In these posts you will hear an invitation.  You are being called to connect to and to commune with the God who creates you, who saves you, and who sustains you, through the grace of our Lord Jesus Christ and through the presence of the Holy Spirit.  Insofar as these Word and Spirit Guides enable you to hear and respond to that grace, utilize them.  If anything in these guides becomes a hindrance to hearing or responding to the grace of God, set it aside and attend to that which will connect you to the God of grace.

What you have in these guides is a tool.  Just like a hammer or a tractor or a compass, it has a telos, or a purpose.  If used correctly, such tools can aid you in building, planting, or navigating your way on an unfamiliar road.  In a similar fashion, these guides can aid you in navigating your spiritual journey of devotion to God through an encounter with the Living Word and the Holy Spirit.  These guides can help focus you on God, encourage you to participate in those practices that draw you close to God, and help you find your way along your spiritual journey in the middle of a confusing world.

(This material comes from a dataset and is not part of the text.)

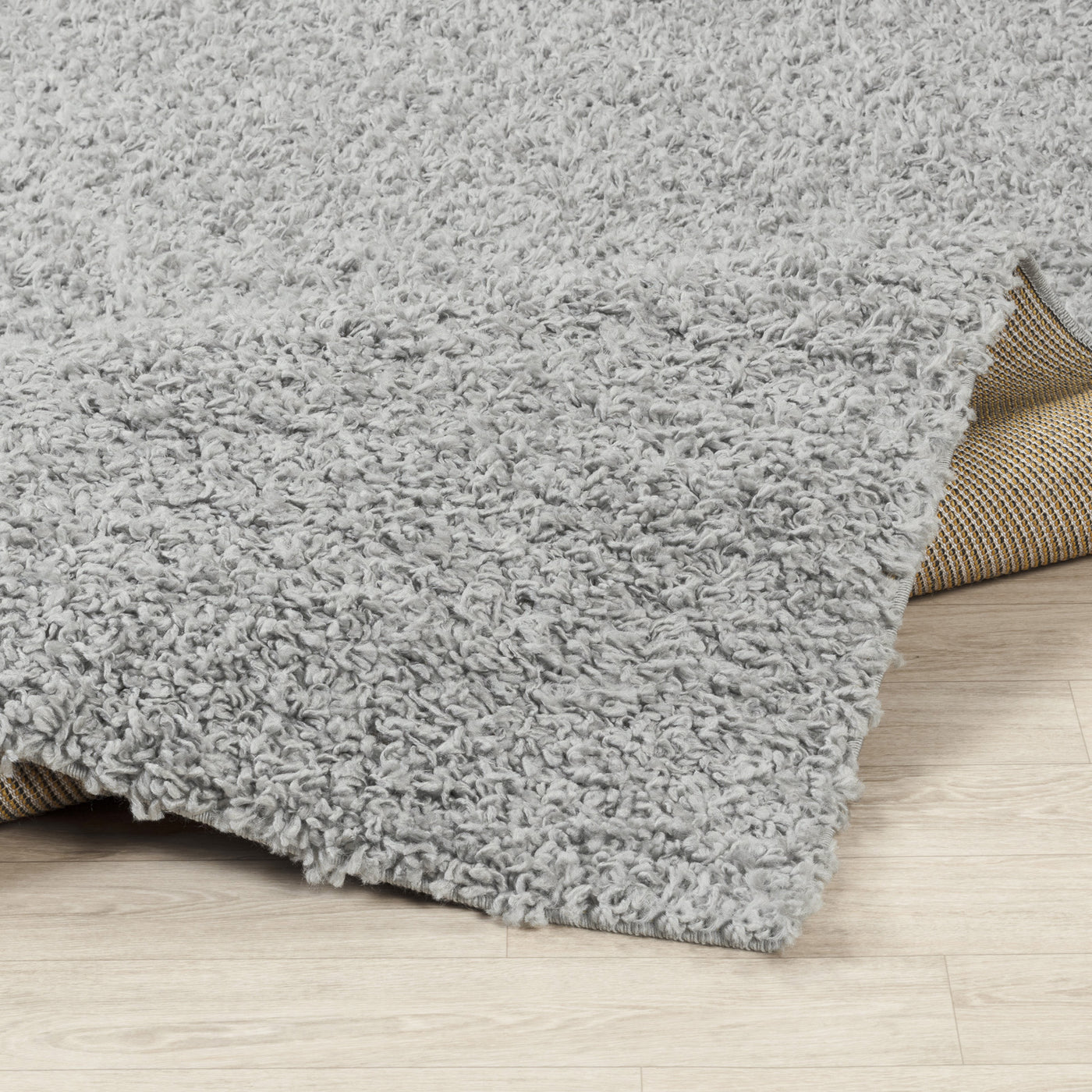 Tapis Shaggy Moderne Gris Boracay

However, if used incorrectly, if using these guides becomes a law or a compulsion or a list of things you must do, then these guides can become a distraction and hinder your spiritual growth.  For instance, if you use a hammer to drive nails into wood, using it for its intended purpose, then it can aid you in being quite productive, helping you to build things that were previously not there.  Yet, if you use it apart from its intended purpose, say to brush your teeth, it can be utterly destructive!  If you use these guides as tools to assist you in your spiritual growth, tailoring their contents to your context, they can help refresh your soul.  If these guides become just an outline of prayers you must pray or Scripture passages you must read or Christian practices you must attend to, then they will rob you of the joy and life that comes from serving God.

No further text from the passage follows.